And with the visibility we have for now, it appears rates will normalize or remain flat at current levels, which minus the effect of contract shortfall payments, results in overall total revenue per day of approximately 5% to 7% lower for 2017 versus 2016. Despite the challenges in the current environment, the majority of our AC triples and our heavy doubles remained active during the quarter with the result and impact of our top quarter EBITDA and gross margin versus industry remaining relatively stable year-over-year, net of the effect of shortfall payments.

Our new AC ADR 1000, introduced on previous conference calls, has been contracted and will begin working in the deep basin area beginning mid-August. In our directional drilling business, the rapid advancement of drilling advisory software is expected to expedite the further integration of directional drilling with drilling rigs.

The combination of the evolving technology with Ensign's high reliability, high torque motors and industry-leading meantime between failures will make it increasingly difficult for independent directional drilling contractors to differentiate themselves with the corresponding margin compression they are experiencing which is expected to continue into the future. Our well-servicing business and Canadian well services activity improved slightly or 11% versus the same period last year, with activity for the year expected to improve 25% to 30% for 2017 versus 2016.

Rates have gradually improved 5% to 10%, but are expected to remain relatively stable for the remainder of the year. Our testing business is a highly competitive space, or it operates in a highly competitive space, with low barriers to entry, and as such has little pricing traction.

However, activity for testing is expected to increase in Q3 as previously drilled wells are completed. In our rental business, rental rates have gradually been improving with particular product lines like matting, experiencing increased demand and helping to drive improved performance in the division on a year-over-year basis.

In Canada, the general outlook is that our recent uncertainty in commodity prices may threaten the strength and pace of activity for the second half of 2017. However, current visibility into bookings and contracts will continue to suggest an approximate 50% or greater increase in activity in 2017 over 2016.

Spot market rates have improved, but are expected to remain flat going forward with these ranges expected as a normalized range for the next few coming quarters. And that's it for Canada.

Bob, I'll turn it back to you.

Robert Geddes

Thanks, Tom. So next we're going to talk about our International East business.

We have a very strong international presence in both Australia and our MENA region, where we have a combined fleet of 29 rigs. To tell us more about that is Brage Johannessen.

Brage Johannessen

Thank you, Bob, and good afternoon to everyone. As Bob mentioned, the available rig count for Ensign's Eastern Hemisphere operations is 29 rigs, and it has remained unchanged quarter on quarter, with a combined utilization rate between Australia and Middle East North Africa regions at around 35%.

In Australia, operations were stable during the quarter, operating 6 rigs with utilization north of 30% and slightly above the market utilization.

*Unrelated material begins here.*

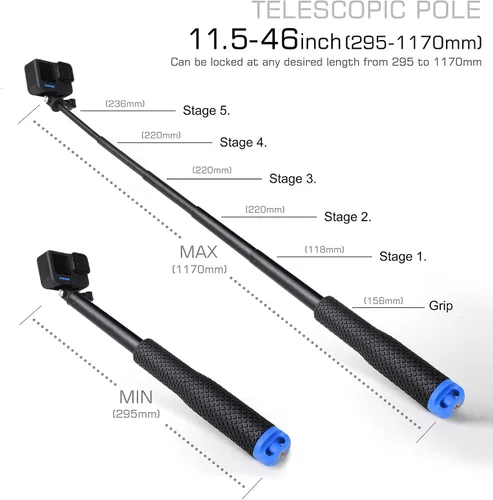 Vista 4 de GEPULY 46 ''impermeable Selfie Stick Underwater Hand Grip para GoPro Azul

All our active rigs in Australia are contracted through 2017 or beyond, and we expect activity levels to remain flat with potential additional work in late fourth quarter '17 or early first quarter of 2018.

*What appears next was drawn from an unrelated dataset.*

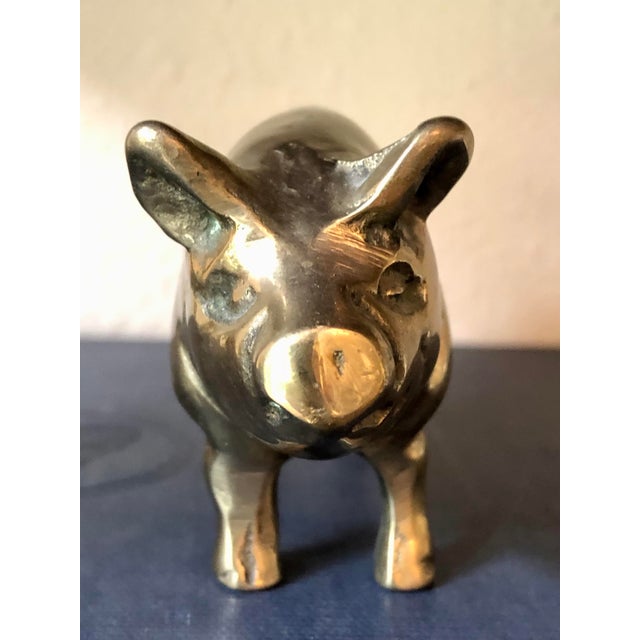 Solid Brass Farm Pig Figurine For Sale - Image 4 of 4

Given Ensign's strong market position in Australia, we feel confident of our chances in an otherwise highly competitive market for that potential work. Activity levels in second quarter in our MENA region was flat.

We were operating 4 of our 8 rigs in Oman. With our activity levels down compared to prior year, we continue to exercise diligent cost control in order to minimize the overall impact on our margins, as well as continue to actively market our idle rigs.

The general market activity level in the MENA region is expected to be flat for the remainder of 2017, with a possible uptick in overall activity in the second half of 2018 as a result of tender activities in the region. All upcoming tenders and opportunities for additional work will continue to be heavily competitive.

Our contract backlog for our Australia and MENA regions currently stands at around 15 rig years. And we expect the overall active rig count to remain flat at 10 rigs for the remainder of 2017.

The company's total International operations inclusive of Latin America, accounted for 31% of the company's revenue in the second quarter of 2017. And with that, I'll turn it back over to you, Bob.

Robert Geddes

Thanks, Brage. Next we have Mike Nuss sitting in for Ed.

Ed is away this week, Ed Kautz. Mike Nuss manages both our U.S.

and Latin America operations. So Mike is going to give us a summary of those areas.

Mike?

Mike Nuss

Thanks, Bob. Good afternoon, everyone.

U.S. at the end of second quarter 2017, we're operating a fleet of roughly 70 premium drilling rigs.

The company also operated 45 well-service rigs and 47 frack flow-back testing units and a directional drilling business with 31 directional kits currently in the Rockies. United States drilling recorded 2,590 operating days in the second quarter of 2017.

That's a 61% increase from the 1,690 operating days second quarter 2016. U.S.

well servicing recorded 21,594 operating hours in the second quarter of 2017. This was a 42% increase from 15,229 operating hours second quarter 2016.

Revenue was $110 million, up 51% in the second quarter of 2017 compared to same quarter 2016. The company's U.S.

operations accounted for 47% of the company's revenue in the second quarter of '17. The company added 1 new ADR drilling rig to the U.S.

fleet in early 2017, with a contract with a major. It was also our first ADR outfitted out of the gate with our new Ensign Edge control system.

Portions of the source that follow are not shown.